Published May 14, 2019.
Protect yourself against scams on photo-sharing app.
Fraudsters have found fertile ground on social media.
You’ve probably seen some of the scams: Earn $1,000 a week. Easy loans. No money to start. And while there are plenty of scams on Facebook and other sites, Andrea Parrish says Instagram is particularly ripe for fraud.
It’s all about how people use it, says Parrish, STCU’s digital marketing assistant manager.
"You don't have to know somebody to interact with them there. It’s an open ground for scammers," she says, whereas on Facebook, a friend request from a stranger would set off internal alarms.
Scammers target people who are stressed, tired, and worried about money. It can be easy to fall into a false sense of security. You start following someone because they’re posting gorgeous tropical photos, #vacationgoals. Then you feel like you get to know them — you see their breakfast, their adorable puppy. But in reality, those are probably stolen photos, Parrish says. Their insta-story is as fake as all that free money they’re going to send you, if you’ll just direct message them and deposit this check.
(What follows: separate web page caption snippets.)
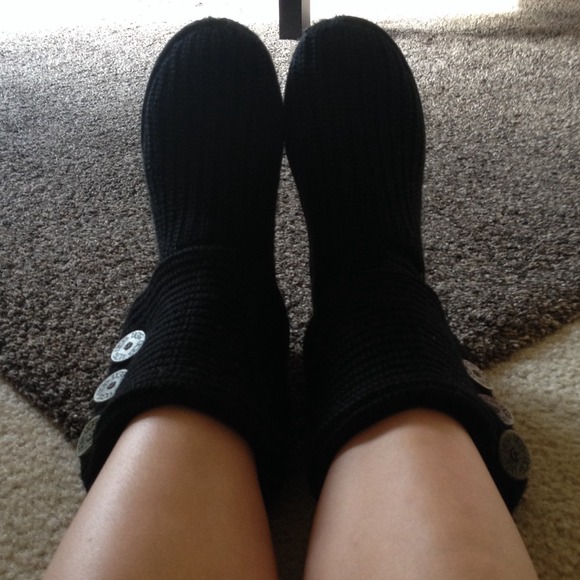Black knitted uggs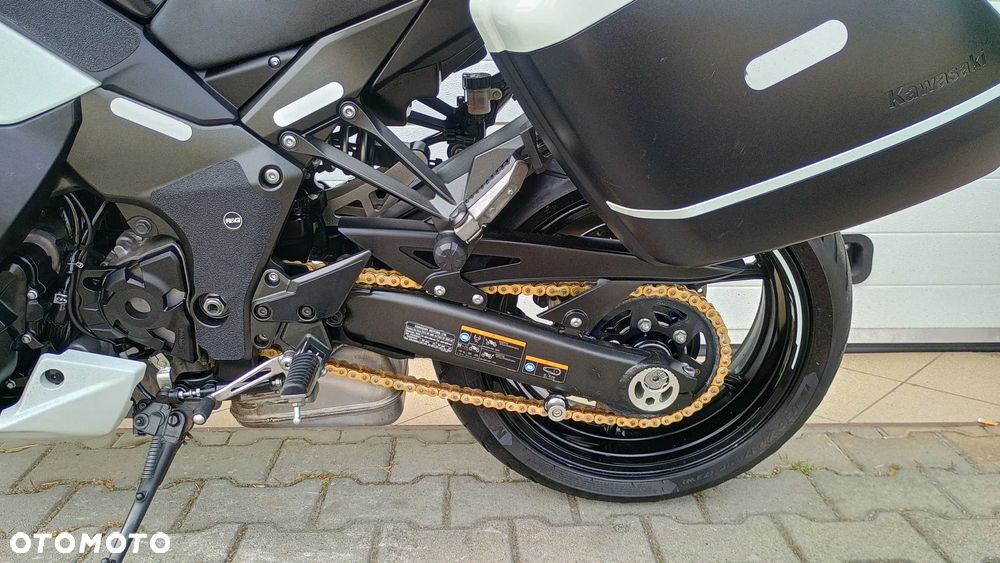 Kawasaki Ninja 1000 SX - 17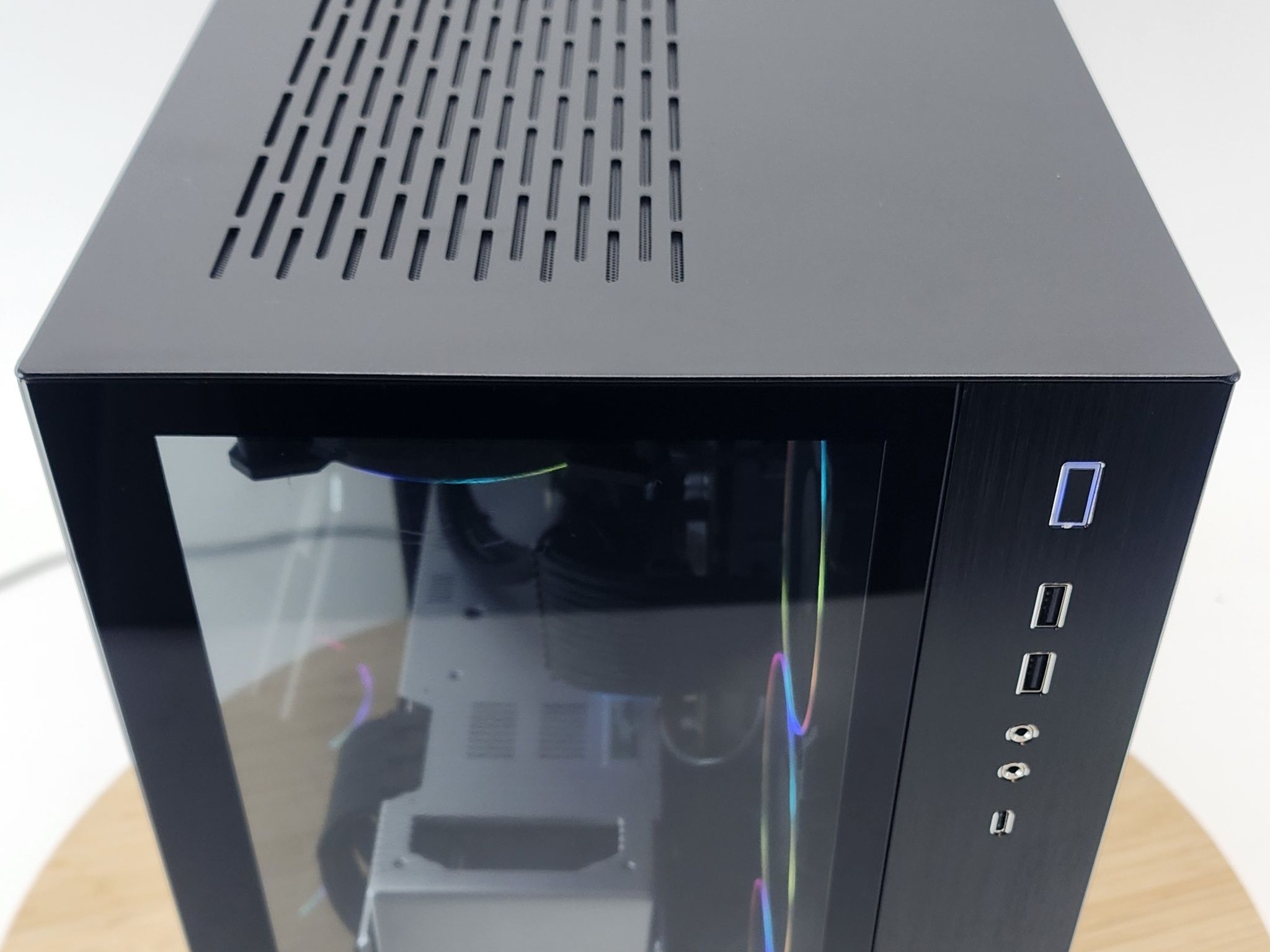 Gaming PC Ryzen 7 7800X3D 64GB RAM 2TB SSD RX 7900 XTX 24GB Windows 11 PC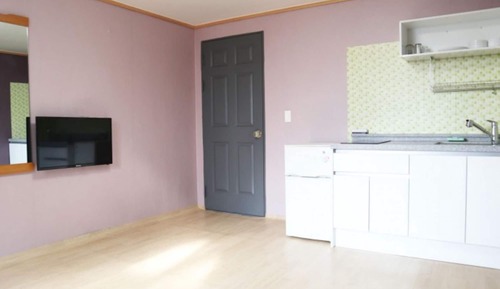 Room (Room 211)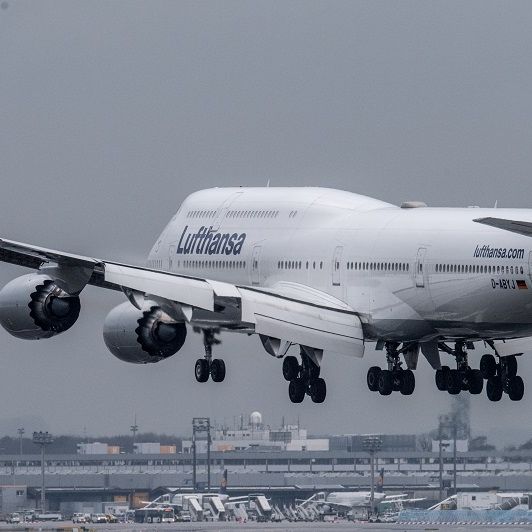 9-jähriges Mädchen stirbt auf Lufthansa-Flug nach München 9-jähriges Mädchen stirbt auf Lufthansa-Flug nach München (Foto)
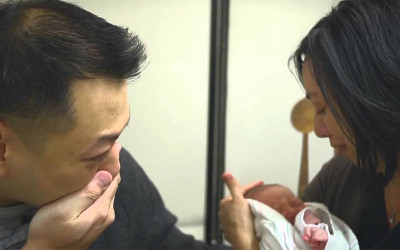 不孕夫婦到醫院迎接「領養的寶寶」  見面後激動哭整夜  網友都被感動了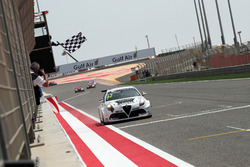Checkered flag for Dusan Borkovic , GE-Force, Alfa Romeo Giulietta TCR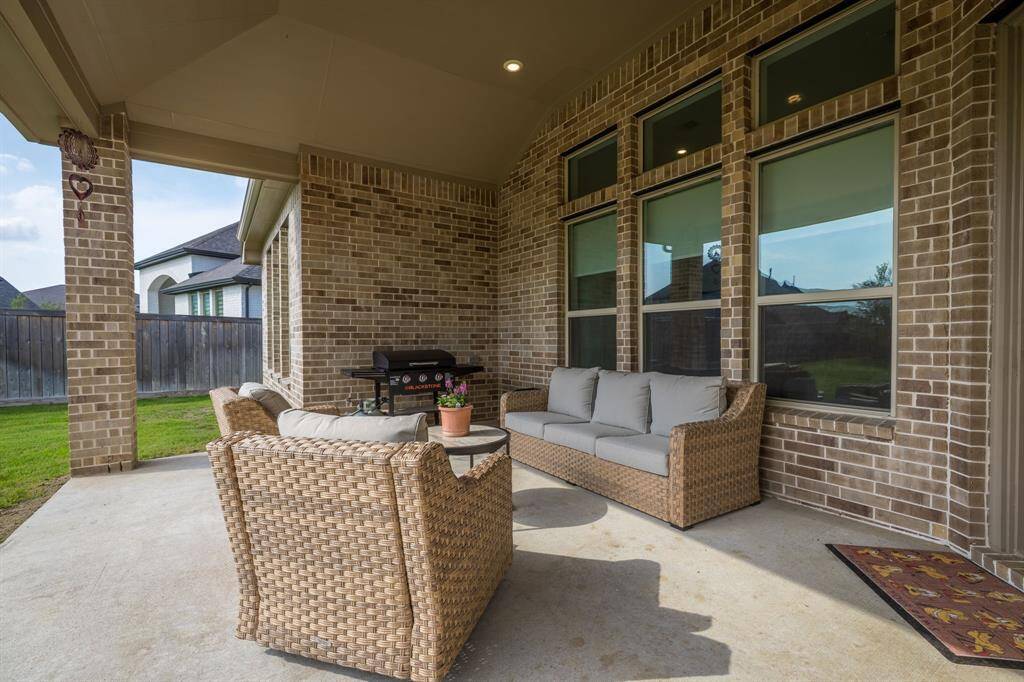 Nice big covered patio with recessed lighting.  Great place to relax after a long weeks work.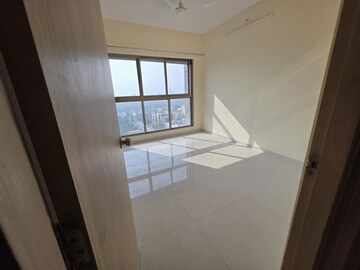 Room in 2 BHK Apartment at Raj Infinia, Malad West – for Rent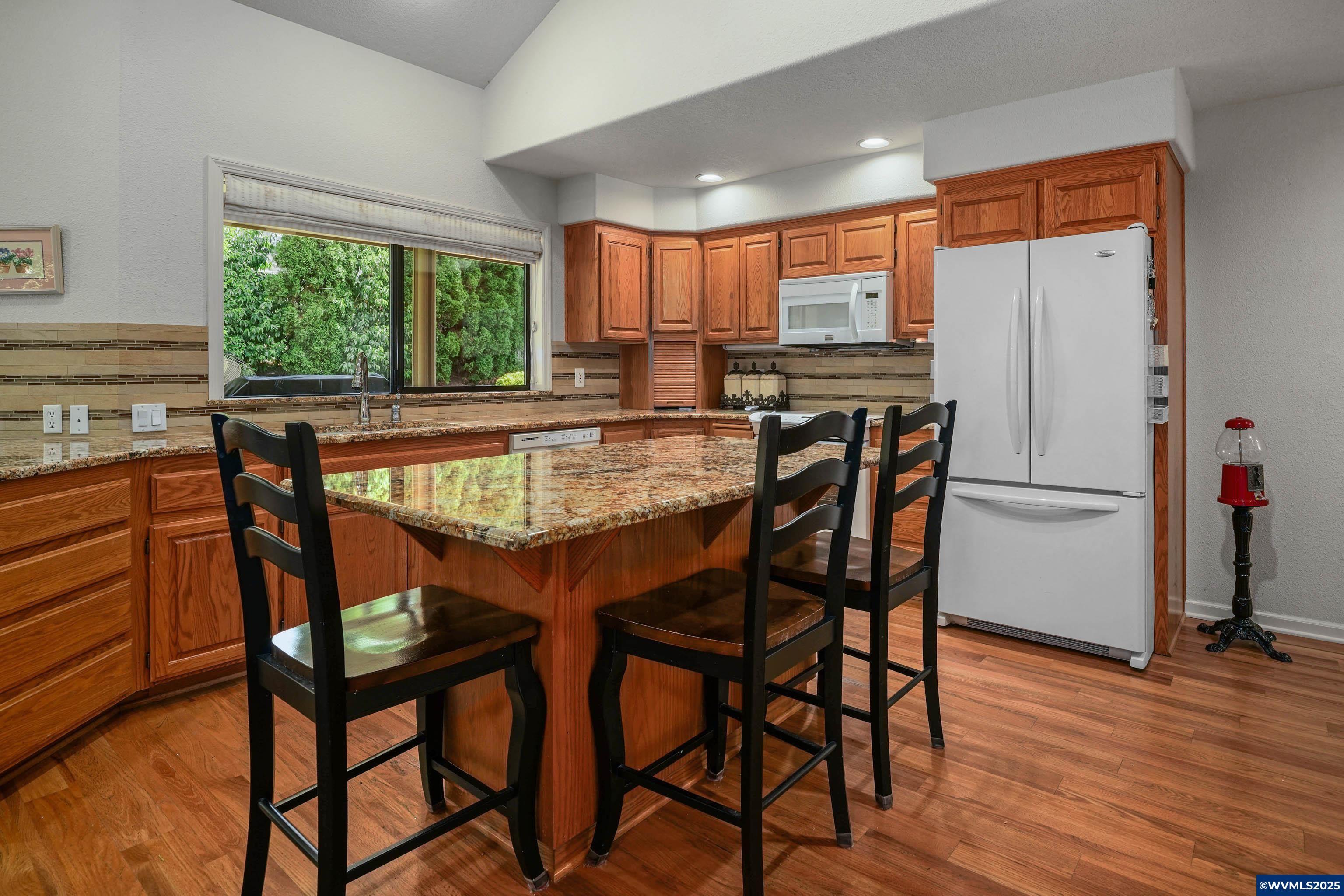 Salem, Oregon, 97302, United States, 5 Bedrooms Bedrooms, ,4 BathroomsBathrooms,Residential,For Sale,1906348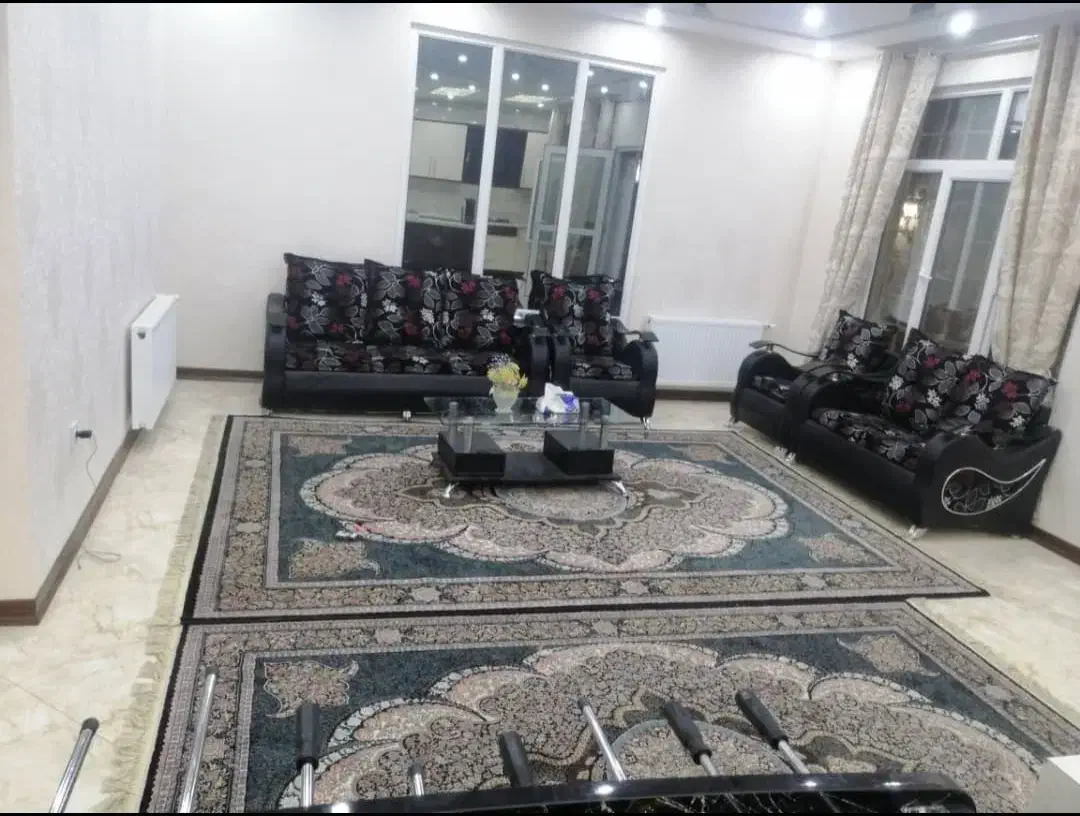 اجاره روزانه باغ ویلا نوساز داخل شهر|اجارهٔ کوتاه‌مدت ویلا و باغ|کرمانشاه, |دیوار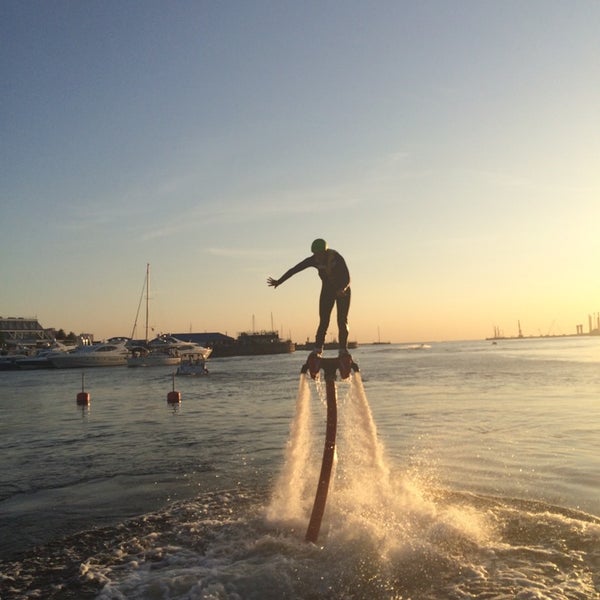 Photo taken at Flyboard by ™Хороший плохиш🔱®♏🐵 Н. on 8/4/2014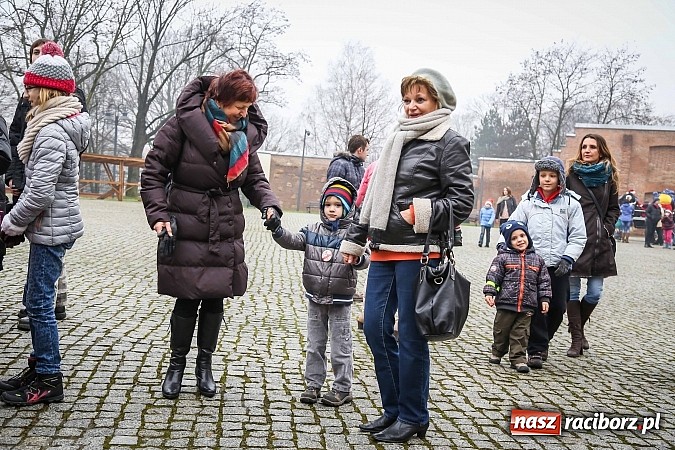 Zdjęcie w galerii na portalu naszraciborz.pl: Mikołajki w Młyńskiej i na zamku wiadomości z regionu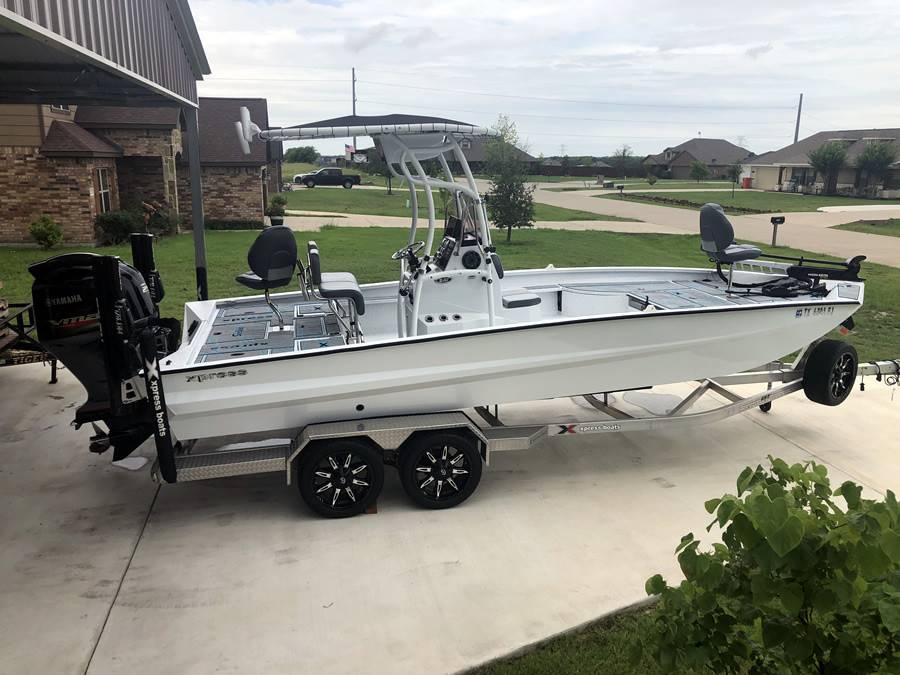 2019 Xpress X23B with a SG600 boat t-top, photo 1 of 7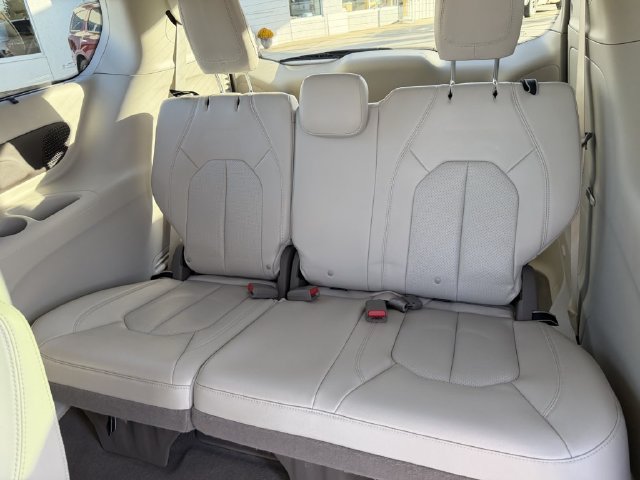 Used 2021 Chrysler Pacifica Touring-L w/ Uconnect Theater Family Group FWD image 16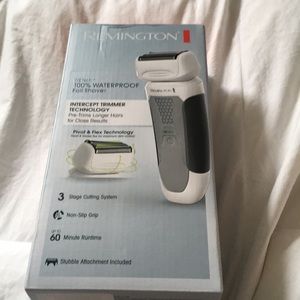 “Remington” 100%waterproof foil shaver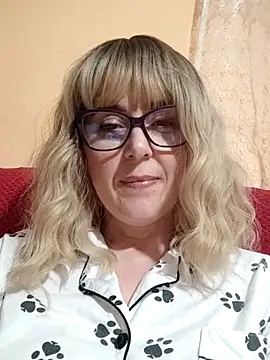 Amelialove42 online show from June 6, 6:45 pm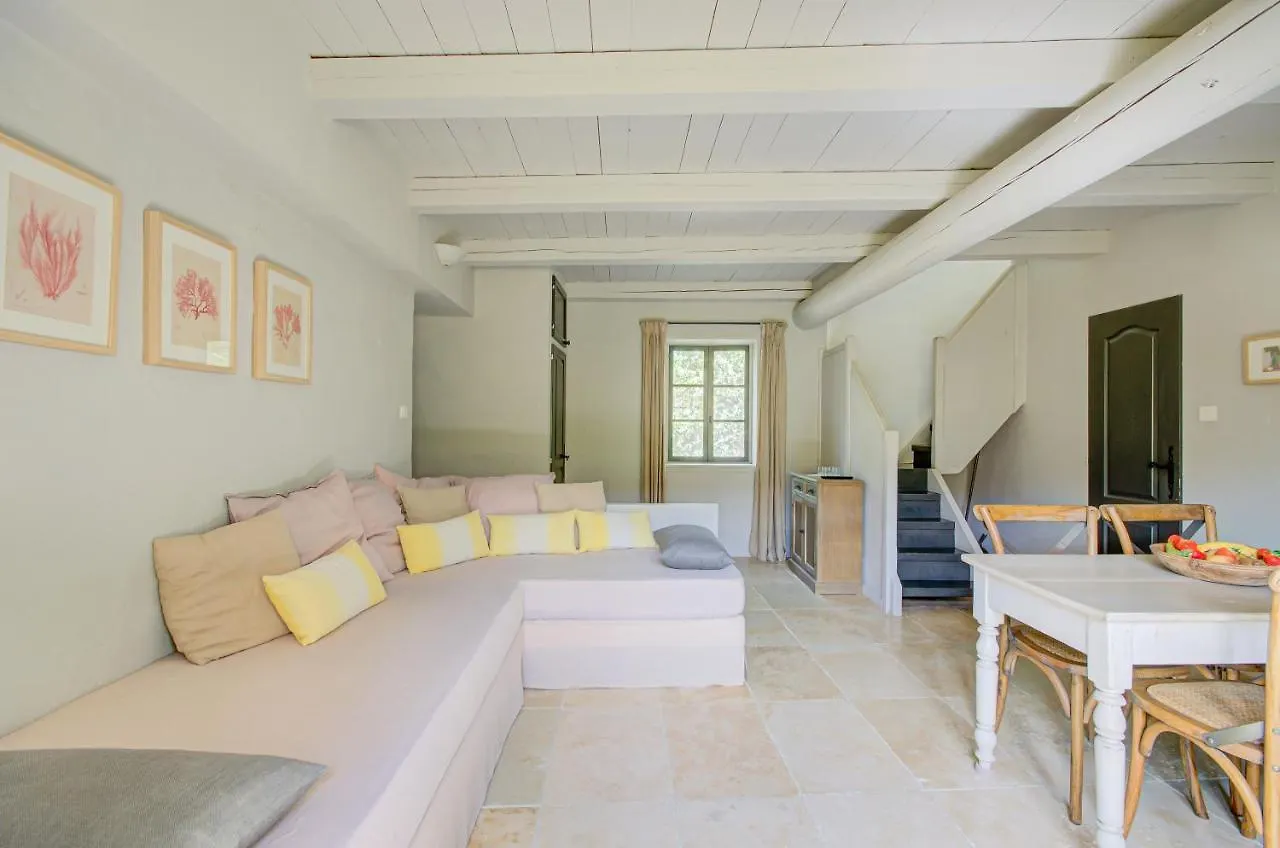 Le Bercail De Montmirail Apartamento Sarrians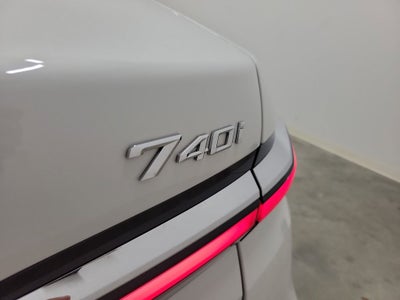 2024 BMW 7 Series 740i
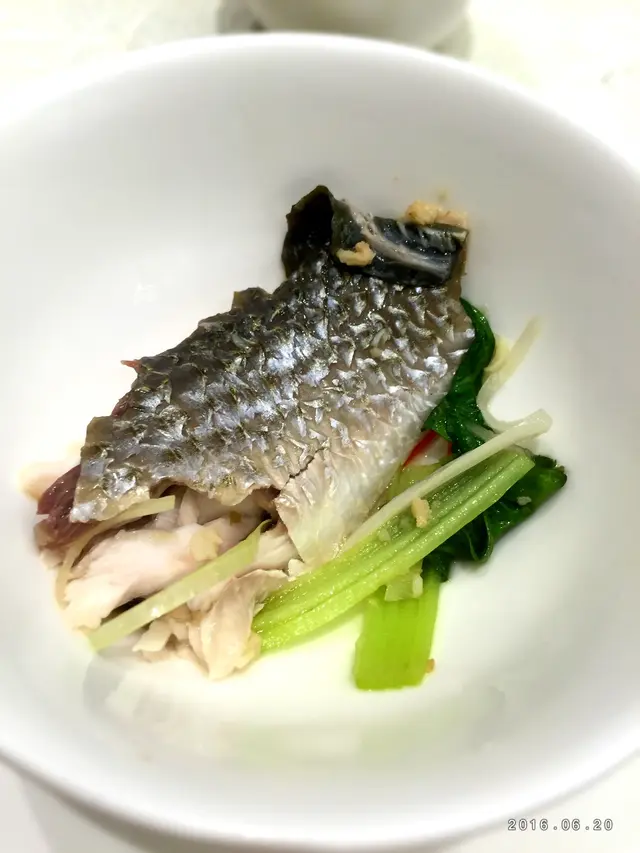 烏魚上有更多薑蔥及紅椒一來可辟去腥味,二來帶出鮮味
If it sounds too good to be true, it probably is, says Jim Fuher, STCU’s fraud prevention manager. There are some red flags to watch out for with any social media scam:
- Phrases like "no money needed," "work from home," and "free money."
- Pictures of bank accounts with plenty of zeroes. Those are the accounts fraudsters stole from, right before they did it, Parrish says.
- Requests for online banking credentials. Or more subtle tricks, like asking your pet's name or your mother's maiden name. That could be just what a thief needs to hack into your account.
“If you do fall for a scam, alert your financial institution right away. ” Parrish says.
You can take steps to protect yourself:
- Keep your social media profiles private, and be selective about whom you allow to follow or friend you.
- Be skeptical of stories about wild success or fantastic earnings — and of any request from someone you don’t know well.
- Never give out online banking credentials. Often victims think they were only giving permission for the fraudster to make a deposit, Fuher says, but once in, the thief can see everything in online banking.
If you go to your credit union or bank and make a big withdrawal, you may encounter some questions from the tellers, Fuher said. They’re not being nosy; they’re on the lookout to protect you from fraud.
If you do fall for a scam, alert your financial institution right away. It’s hard, Parrish says. "You’re admitting you did something you feel is stupid. But it's not stupid until you try to hide it."
Victims also should file a complaint with local authorities or the FBI’s Internet Crime Complaint Center at www.ic3.gov, Fuher said. And change your passwords on everything.